Donahue offered the information Thursday in response to a reporter’s questions at a news conference about public safety issues. D.C. Council member Zachary Parker (D-Ward 5) had previously written letters to the city’s fire department and Office of Unified Communications asking about residents’ concerns that emergency responders were delayed in responding to the day care. Officials with the fire department and the Office of Unified Communications did not respond to requests for comment Thursday about the incident.

In the three days since the flood, owners whose dogs were killed have blasted the city and the day care’s owner, asserting that more should have been done to prevent the tragedy. The business had found itself underwater after a similar storm a year ago, but city officials have said it was inspected afterward and deemed safe to operate. District Dogs said in a statement Wednesday that staff members were following emergency procedures as the glass gave way and the building flooded. The statement said the personnel rushed to “rescue dogs to the best of their ability despite the water rising above their heads.”

Donahue said emergency responders first came to the scene on their own to rescue people whose cars got stuck in rising waters on Rhode Island Avenue.

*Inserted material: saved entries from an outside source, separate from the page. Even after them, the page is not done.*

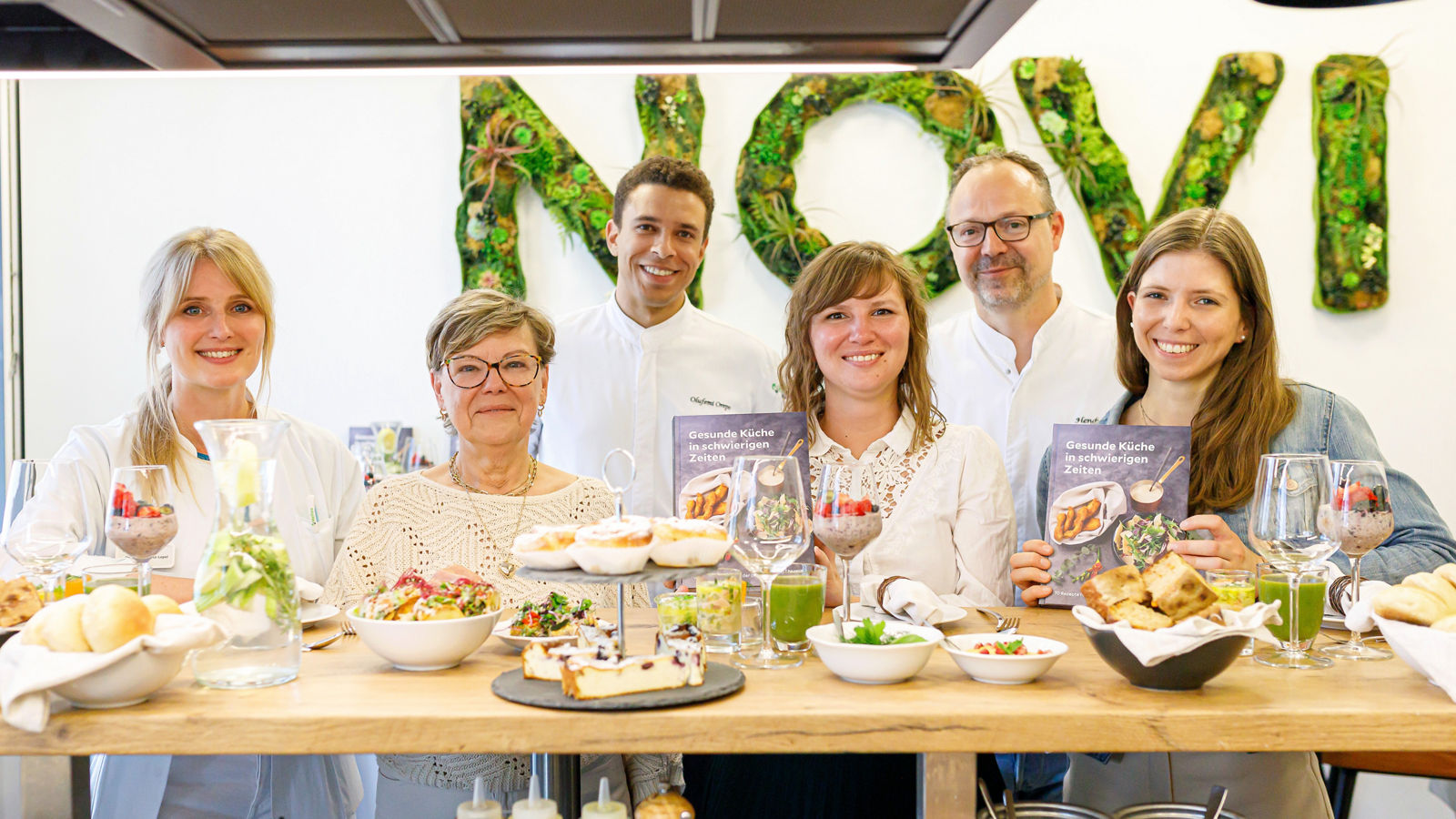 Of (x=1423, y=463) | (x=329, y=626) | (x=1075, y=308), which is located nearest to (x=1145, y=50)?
(x=1075, y=308)

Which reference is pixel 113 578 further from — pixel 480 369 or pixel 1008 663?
pixel 1008 663

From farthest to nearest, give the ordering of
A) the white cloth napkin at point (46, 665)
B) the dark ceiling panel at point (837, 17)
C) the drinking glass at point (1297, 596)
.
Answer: the dark ceiling panel at point (837, 17), the drinking glass at point (1297, 596), the white cloth napkin at point (46, 665)

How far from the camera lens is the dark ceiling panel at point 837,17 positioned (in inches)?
68.0

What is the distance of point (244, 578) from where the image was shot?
140 cm

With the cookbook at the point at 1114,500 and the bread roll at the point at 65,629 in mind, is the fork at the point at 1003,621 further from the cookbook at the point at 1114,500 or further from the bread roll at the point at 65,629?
the bread roll at the point at 65,629

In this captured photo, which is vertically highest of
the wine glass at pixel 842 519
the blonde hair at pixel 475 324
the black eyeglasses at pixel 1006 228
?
the black eyeglasses at pixel 1006 228

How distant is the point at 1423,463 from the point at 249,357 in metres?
4.46

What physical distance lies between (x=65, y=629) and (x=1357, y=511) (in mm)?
1807

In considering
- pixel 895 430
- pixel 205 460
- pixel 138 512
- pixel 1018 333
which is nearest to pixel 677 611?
pixel 138 512

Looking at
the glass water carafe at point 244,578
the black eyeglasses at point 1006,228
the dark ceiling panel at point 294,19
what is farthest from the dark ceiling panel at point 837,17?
the black eyeglasses at point 1006,228

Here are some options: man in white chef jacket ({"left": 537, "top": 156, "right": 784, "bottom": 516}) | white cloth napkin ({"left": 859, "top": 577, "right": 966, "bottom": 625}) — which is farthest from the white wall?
white cloth napkin ({"left": 859, "top": 577, "right": 966, "bottom": 625})

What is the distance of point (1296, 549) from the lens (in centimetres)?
161

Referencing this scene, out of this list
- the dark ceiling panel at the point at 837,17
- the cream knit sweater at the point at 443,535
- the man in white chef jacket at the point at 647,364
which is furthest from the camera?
the man in white chef jacket at the point at 647,364

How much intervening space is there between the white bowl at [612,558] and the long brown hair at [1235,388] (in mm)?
1419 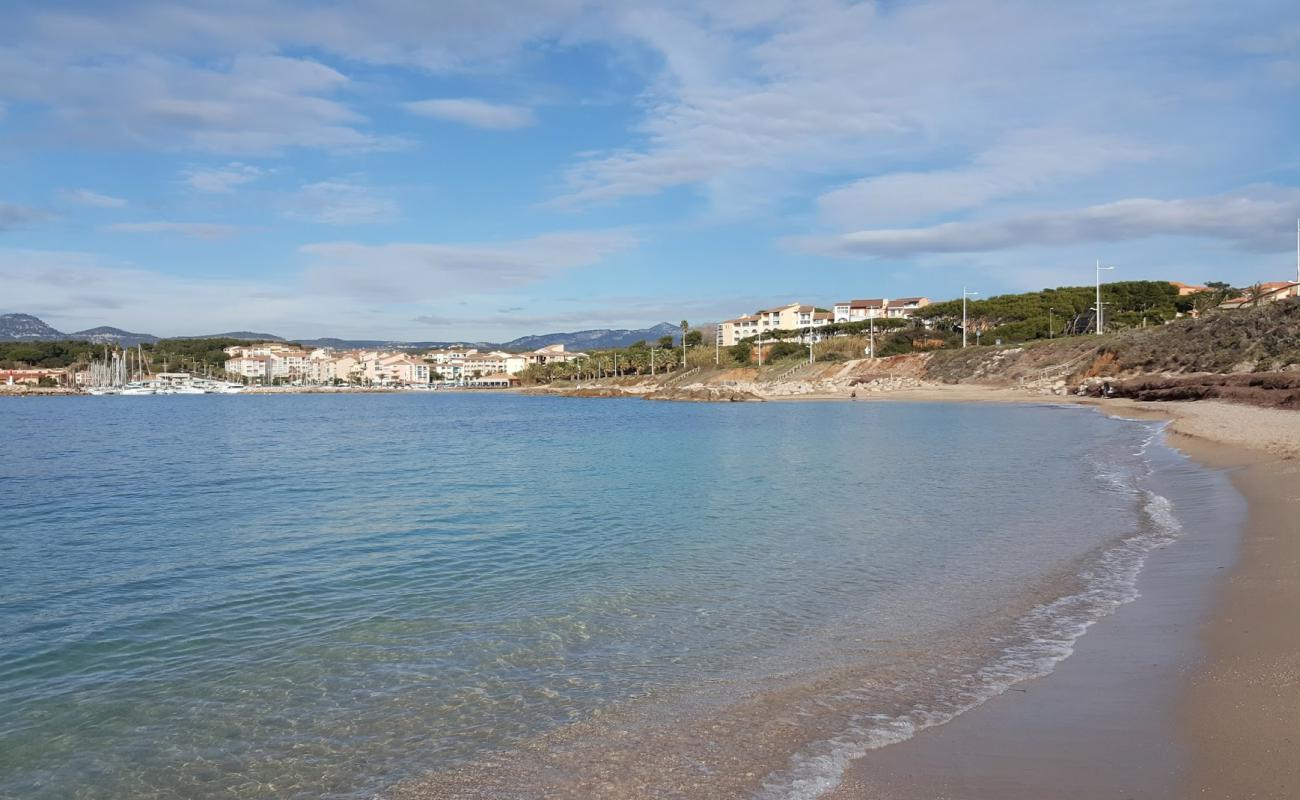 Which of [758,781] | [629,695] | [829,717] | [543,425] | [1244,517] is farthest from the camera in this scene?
[543,425]

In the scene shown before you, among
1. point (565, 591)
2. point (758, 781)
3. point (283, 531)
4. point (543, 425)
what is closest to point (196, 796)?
point (758, 781)

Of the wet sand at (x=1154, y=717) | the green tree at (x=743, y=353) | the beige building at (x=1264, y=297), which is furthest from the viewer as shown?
the green tree at (x=743, y=353)

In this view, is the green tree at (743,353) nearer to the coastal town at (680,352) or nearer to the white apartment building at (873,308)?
the coastal town at (680,352)

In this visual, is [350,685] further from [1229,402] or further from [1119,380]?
[1119,380]

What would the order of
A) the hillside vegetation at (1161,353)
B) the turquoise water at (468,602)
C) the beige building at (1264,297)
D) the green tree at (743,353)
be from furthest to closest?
the green tree at (743,353) → the beige building at (1264,297) → the hillside vegetation at (1161,353) → the turquoise water at (468,602)

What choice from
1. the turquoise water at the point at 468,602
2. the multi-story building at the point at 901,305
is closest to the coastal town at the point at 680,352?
the multi-story building at the point at 901,305

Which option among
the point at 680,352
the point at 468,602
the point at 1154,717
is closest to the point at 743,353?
the point at 680,352

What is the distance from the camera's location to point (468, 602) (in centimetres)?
870

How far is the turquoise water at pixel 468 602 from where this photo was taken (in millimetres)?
5402

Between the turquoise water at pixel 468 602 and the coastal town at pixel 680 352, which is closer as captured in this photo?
the turquoise water at pixel 468 602

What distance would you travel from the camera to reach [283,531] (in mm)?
13328

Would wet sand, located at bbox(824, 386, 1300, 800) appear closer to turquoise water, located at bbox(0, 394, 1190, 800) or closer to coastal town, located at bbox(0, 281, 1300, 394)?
turquoise water, located at bbox(0, 394, 1190, 800)

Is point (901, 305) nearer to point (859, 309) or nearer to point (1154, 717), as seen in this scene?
point (859, 309)

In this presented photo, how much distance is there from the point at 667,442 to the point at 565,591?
23710 mm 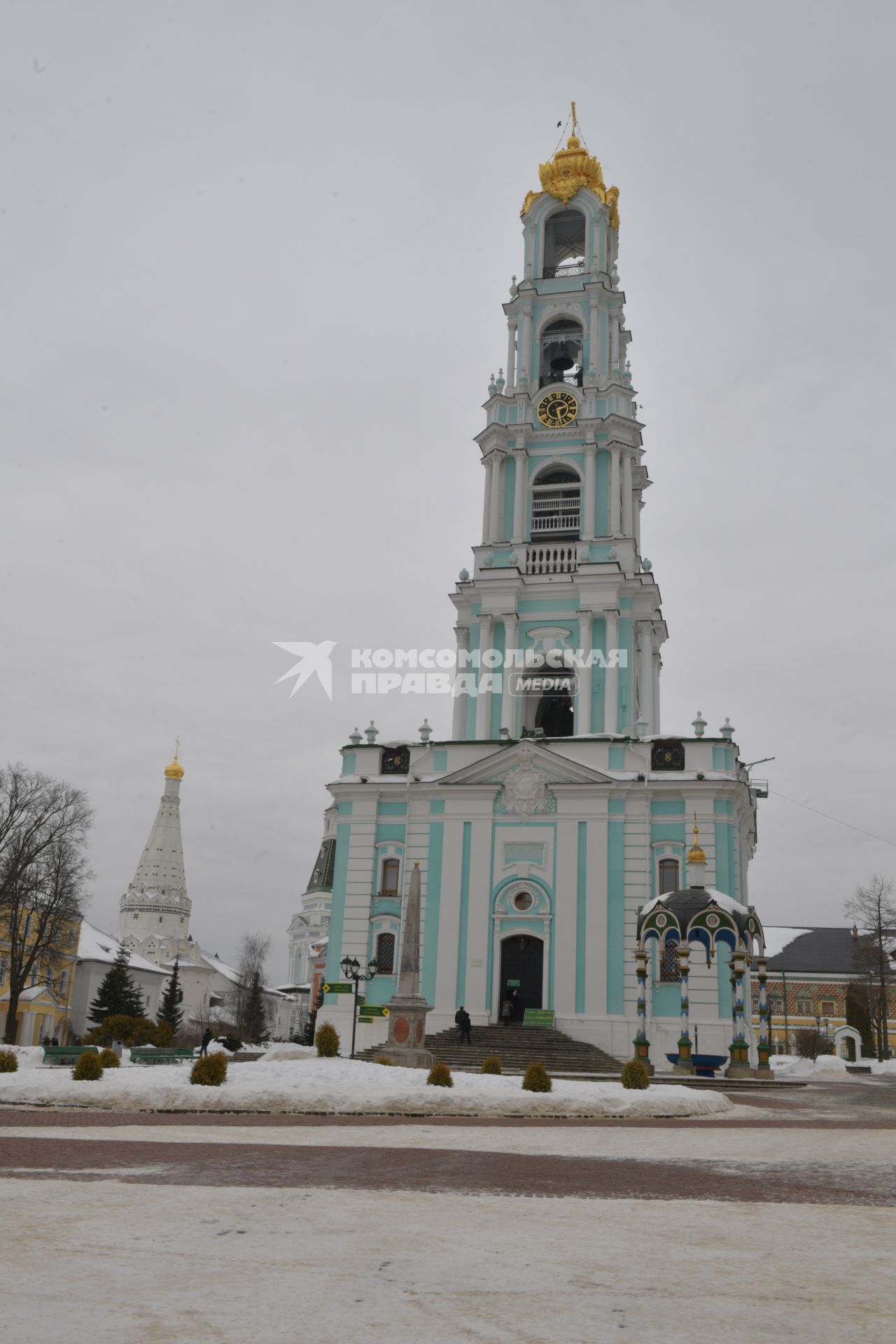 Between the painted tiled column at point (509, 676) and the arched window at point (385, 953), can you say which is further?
the painted tiled column at point (509, 676)

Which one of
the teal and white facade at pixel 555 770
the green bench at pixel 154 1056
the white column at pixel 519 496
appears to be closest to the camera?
the green bench at pixel 154 1056

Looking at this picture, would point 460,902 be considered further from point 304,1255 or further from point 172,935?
point 172,935

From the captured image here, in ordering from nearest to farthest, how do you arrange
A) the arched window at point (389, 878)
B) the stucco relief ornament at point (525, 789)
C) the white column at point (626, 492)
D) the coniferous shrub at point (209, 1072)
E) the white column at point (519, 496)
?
1. the coniferous shrub at point (209, 1072)
2. the stucco relief ornament at point (525, 789)
3. the arched window at point (389, 878)
4. the white column at point (626, 492)
5. the white column at point (519, 496)

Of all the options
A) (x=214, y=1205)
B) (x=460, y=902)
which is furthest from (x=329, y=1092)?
(x=460, y=902)

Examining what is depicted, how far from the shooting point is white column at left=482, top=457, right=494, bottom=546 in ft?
154

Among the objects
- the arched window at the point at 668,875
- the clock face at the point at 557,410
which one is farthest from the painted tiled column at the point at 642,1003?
the clock face at the point at 557,410

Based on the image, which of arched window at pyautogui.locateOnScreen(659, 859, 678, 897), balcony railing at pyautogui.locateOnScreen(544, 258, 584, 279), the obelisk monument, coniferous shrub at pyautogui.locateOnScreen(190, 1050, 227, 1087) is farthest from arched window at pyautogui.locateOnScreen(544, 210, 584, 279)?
coniferous shrub at pyautogui.locateOnScreen(190, 1050, 227, 1087)

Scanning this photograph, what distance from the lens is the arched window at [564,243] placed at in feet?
169

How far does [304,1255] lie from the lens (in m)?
6.20

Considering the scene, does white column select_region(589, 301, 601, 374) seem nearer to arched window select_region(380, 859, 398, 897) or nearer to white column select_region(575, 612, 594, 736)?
white column select_region(575, 612, 594, 736)

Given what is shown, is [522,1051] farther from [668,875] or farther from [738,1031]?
[668,875]

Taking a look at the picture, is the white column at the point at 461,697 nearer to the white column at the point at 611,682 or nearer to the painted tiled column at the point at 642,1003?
the white column at the point at 611,682

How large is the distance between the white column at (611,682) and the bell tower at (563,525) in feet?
0.19

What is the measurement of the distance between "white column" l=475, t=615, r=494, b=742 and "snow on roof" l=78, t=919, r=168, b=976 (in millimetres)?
38697
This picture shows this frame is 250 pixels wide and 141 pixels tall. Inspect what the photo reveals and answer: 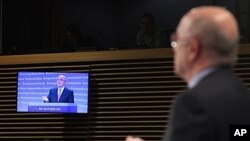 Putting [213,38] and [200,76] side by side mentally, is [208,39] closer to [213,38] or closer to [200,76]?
[213,38]

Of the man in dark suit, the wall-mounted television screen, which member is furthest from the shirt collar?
the wall-mounted television screen

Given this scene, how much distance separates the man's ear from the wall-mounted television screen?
5586mm

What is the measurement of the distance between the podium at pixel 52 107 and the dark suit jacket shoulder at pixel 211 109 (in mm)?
5620

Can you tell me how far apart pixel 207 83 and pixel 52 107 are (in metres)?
5.79

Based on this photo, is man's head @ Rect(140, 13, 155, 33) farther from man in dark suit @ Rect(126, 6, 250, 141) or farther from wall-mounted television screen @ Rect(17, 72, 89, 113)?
man in dark suit @ Rect(126, 6, 250, 141)

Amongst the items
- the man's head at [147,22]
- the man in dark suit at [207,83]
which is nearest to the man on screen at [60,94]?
the man's head at [147,22]

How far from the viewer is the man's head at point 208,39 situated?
1664 mm

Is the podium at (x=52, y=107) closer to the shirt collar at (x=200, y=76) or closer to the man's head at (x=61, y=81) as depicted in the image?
the man's head at (x=61, y=81)

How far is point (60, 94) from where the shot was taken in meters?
7.30

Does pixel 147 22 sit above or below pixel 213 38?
above

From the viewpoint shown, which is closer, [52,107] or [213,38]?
[213,38]

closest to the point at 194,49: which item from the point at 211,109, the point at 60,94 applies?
the point at 211,109

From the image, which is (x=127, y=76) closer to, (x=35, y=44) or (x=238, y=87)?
(x=35, y=44)

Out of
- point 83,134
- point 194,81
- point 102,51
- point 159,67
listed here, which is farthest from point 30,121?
point 194,81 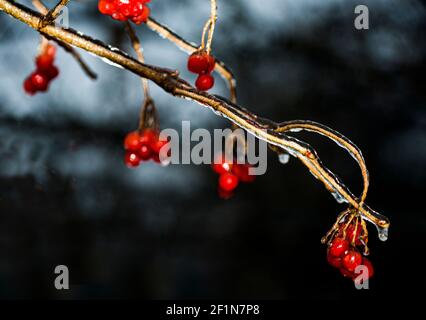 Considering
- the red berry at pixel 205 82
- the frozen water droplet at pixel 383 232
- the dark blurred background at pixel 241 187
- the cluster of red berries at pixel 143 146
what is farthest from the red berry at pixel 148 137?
the dark blurred background at pixel 241 187

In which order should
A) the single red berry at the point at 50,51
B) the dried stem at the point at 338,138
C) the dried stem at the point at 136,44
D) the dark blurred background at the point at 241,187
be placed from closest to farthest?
the dried stem at the point at 338,138 → the dried stem at the point at 136,44 → the single red berry at the point at 50,51 → the dark blurred background at the point at 241,187

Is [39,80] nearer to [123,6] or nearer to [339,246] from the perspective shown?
[123,6]

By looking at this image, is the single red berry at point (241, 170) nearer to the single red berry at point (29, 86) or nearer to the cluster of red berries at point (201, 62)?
the cluster of red berries at point (201, 62)

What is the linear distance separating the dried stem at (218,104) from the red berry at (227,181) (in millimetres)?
549

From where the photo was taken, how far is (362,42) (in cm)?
476

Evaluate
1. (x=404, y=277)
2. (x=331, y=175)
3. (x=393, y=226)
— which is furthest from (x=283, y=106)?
(x=331, y=175)

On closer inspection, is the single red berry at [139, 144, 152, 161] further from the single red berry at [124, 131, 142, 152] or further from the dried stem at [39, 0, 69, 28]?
the dried stem at [39, 0, 69, 28]

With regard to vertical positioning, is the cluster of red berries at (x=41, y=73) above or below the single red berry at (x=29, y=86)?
above

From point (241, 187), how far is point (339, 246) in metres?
5.26

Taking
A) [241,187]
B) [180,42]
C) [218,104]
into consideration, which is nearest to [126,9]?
[180,42]

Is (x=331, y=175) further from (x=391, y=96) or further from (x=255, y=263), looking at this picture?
(x=255, y=263)

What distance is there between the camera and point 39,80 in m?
1.41

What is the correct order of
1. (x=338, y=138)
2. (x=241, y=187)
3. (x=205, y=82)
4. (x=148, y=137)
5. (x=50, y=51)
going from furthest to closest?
(x=241, y=187) < (x=50, y=51) < (x=148, y=137) < (x=205, y=82) < (x=338, y=138)

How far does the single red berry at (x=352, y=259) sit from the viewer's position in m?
0.83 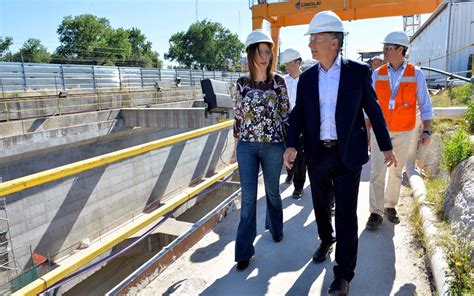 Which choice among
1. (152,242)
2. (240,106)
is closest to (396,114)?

Emergency responder radio communications from that day show that at 4:57 p.m., officials with the fire department reported seeing people stuck in their vehicles at Rhode Island Avenue, according to audio pulled from the website openmhz.com, which records public safety radio. The audio was provided to The Washington Post by Dave Statter, who tracks public safety incidents in the D.C. area at statter911.com.

At 5:10 p.m., a dispatcher appeared to report a nonemergency water leak at District Dogs to the fire department’s incident command on the roadway, according to the recordings.

“The access to those buildings are all completely flooded right now. You’re going to have to hold that call for a little while until we get these rescues resolved,” a person with the fire department says in the radio recording at 5:13, later adding, “We’ll have units check it out when they get here.”

At 5:21, a dispatcher appears to tell the incident commander on the scene that there are people trapped at 680 Rhode Island Ave NE and that there is “12 feet of water inside the business.”

The incident commander responds that he will deploy firefighters to the facility, records show. At 5:28, a dispatcher tells the commander that someone is unresponsive at the day care, and the commander says a boat is on the way.

“We’ve located seven people and numerous dogs at District Dogs at 680 Rhode Island Ave NE,” the fire official says at 5:36 p.m. “We’re tending to them now.” A few minutes later, the official says rescuers have found 10 dead dogs.

Donahue said he would review what people communicated to dispatch in the initial calls they made about the incident in light of initial reports describing the flooding as a water leak.

“We generally, when an incident with great interest happens, will release transcripts,” he said. “Not the actual audio of the call, but some verbatim transcripts.”